Richard Osborn-Brooks has been released without charge (Facebook)
Richard Osborn-Brooks has been released without charge (Facebook)

Pensioner arrested for fatal stabbing of burglar

A pensioner arrested on suspicion of murder after a suspected burglar was stabbed to death at his house has been released without charge.

Police said Richard Osborn-Brooks, 78, will face no further action over the death of an intruder at his home in Hither Green, South-east London, in the early hours of Wednesday morning.

Henry Vincent, 37, died after allegedly forcing his way into the pensioner's home with an accomplice. One of the men was armed with a screwdriver and is said to have threatened Mr Osborn-Brooks.

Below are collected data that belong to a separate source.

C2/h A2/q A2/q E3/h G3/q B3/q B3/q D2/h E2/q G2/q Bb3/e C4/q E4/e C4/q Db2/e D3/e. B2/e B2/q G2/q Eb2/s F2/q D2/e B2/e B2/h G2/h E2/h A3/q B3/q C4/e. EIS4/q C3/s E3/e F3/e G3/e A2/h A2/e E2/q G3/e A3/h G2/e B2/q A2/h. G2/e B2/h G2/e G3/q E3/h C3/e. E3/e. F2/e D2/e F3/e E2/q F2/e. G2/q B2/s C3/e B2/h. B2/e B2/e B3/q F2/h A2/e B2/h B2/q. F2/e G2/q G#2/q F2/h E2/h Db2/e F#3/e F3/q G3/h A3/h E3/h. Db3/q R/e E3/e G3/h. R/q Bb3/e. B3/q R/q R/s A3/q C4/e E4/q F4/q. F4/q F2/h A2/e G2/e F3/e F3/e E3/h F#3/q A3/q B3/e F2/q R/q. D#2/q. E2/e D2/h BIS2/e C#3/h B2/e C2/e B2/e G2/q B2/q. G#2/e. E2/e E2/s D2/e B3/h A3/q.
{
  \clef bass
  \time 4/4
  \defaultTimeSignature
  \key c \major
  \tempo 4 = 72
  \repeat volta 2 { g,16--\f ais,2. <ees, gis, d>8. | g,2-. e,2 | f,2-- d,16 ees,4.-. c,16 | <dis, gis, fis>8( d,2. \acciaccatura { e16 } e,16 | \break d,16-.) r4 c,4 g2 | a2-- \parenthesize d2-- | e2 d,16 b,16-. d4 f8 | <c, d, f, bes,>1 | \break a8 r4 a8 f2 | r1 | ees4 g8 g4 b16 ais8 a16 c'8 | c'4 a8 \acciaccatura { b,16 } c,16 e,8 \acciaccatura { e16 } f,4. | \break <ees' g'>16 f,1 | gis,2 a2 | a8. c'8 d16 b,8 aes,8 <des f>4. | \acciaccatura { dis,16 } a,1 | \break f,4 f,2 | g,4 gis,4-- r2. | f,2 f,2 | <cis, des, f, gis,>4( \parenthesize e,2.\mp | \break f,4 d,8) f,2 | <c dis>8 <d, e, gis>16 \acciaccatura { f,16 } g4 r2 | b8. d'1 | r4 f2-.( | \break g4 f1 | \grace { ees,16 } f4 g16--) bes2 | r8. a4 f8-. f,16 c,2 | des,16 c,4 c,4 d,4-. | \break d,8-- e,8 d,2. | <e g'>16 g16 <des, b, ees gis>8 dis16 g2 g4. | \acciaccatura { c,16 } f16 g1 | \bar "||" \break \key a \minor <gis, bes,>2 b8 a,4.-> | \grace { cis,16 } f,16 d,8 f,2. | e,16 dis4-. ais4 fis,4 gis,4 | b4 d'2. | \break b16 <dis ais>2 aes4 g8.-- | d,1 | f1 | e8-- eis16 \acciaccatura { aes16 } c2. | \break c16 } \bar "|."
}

The Metropolitan Police said it considered advice from the Crown Prosecution Service (CPS) before freeing the pensioner without charge.

Detective Chief Inspector Simon Harding, of the force's murder squad, said: "This is a tragic case for all of those involved. As expected with any incident where someone has lost their life, my officers carried out a thorough investigation into the circumstances of the death.

"We have approached the CPS for early investigative advice, as required under the guidance. We have received and considered that advice, and at present - on the evidence available - we will not seek a charging decision. Therefore, no further action will be taken against the man."

Burglary suspect Henry Vincent was killed during an alleged break-in (Kent Police)
Burglary suspect Henry Vincent was killed during an alleged break-in (Kent Police)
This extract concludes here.